Sejun mutlu bir şekilde Yumurta Meyvelerini yerken,
"Puhuhut. Çok lezzetliydi. Beklediğim gibi, Başkan Park'ın ızgara balığı en iyisi."
Izgara balığa doymuş olan Theo, Sejun'un kucağına tırmandı ve yayıldı.
Sejun doğal olarak Theo'nun karnını okşadı.
Bir süre sonra,
Theo çabucak uykuya daldı ve
Cuengi bal yalamakla meşguldü ve kalçalarını Sejun'un kalçalarına bastırıyordu.
Ve sonra,
"Kyoot kyoot kyoot."
Iona, Theo'nun kuyruğundaki yerini çoktan bulmuştu,
Altın yarasa ve Piyot ateşin yanında oturmuş, uyukluyorlardı.
Ne kadar huzurlu bir atmosfer.
"Ama neden arazinin sahibi olarak tanınmıyorum?"

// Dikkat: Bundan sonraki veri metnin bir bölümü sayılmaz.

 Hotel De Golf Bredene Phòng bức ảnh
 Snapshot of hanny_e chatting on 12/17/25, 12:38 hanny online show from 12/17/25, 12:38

Sejun yükseklerde yükselen Kuş Taşıyan Ağaç'a bakarken şaşkınlık hissetti. Bunun nedeni görevin tamamlanmamış olmasıydı.
"Bu artık olgun bir ağaç değil mi?"
Eğer bu olgun bir ağaç değilse, bu ağacın gelecekte daha da büyüyeceği anlamına gelir.
"Ne kadar süreceğini bilmiyorum, bu yüzden yarın sabah kulenin 99. katını ziyaret etmeliyim."
Sejun, siyah fasulye veya Samyangju karşılığında 99. kattaki üç ejderhadan ejderha kanı almayı ve diğer ejderhaların ejderha kanını önceden istemeyi planladı.
Diğer ejderhalardan ejderha kanını almak muhtemelen zaman alacaktır, bu yüzden onlarla daha erken konuşmak daha iyi olacaktır.
"Cuengi, hadi uyuyalım."
Sejun uyuklayan altın yarasa ve Piyot'u tutarken bunları söyledi,
[Anlaşıldı!]
Balı yemeyi bitiren Cuengi, vücudunu yaklaşık 5 metreye kadar büyüttü ve
Sejun'a sarıldı, onu karnının üzerine yerleştirdi ve hep birlikte uykuya daldılar.
Herkes uyurken,
-Ssak?
Kuşları Taşıyan Ağaç, Sejun ve hayvanlara gölge sağlamak için dallarını hareket ettirdi.
Mahsur kalmanın 360. günü. Telaşlı bir gün daha güvenli bir şekilde geçti.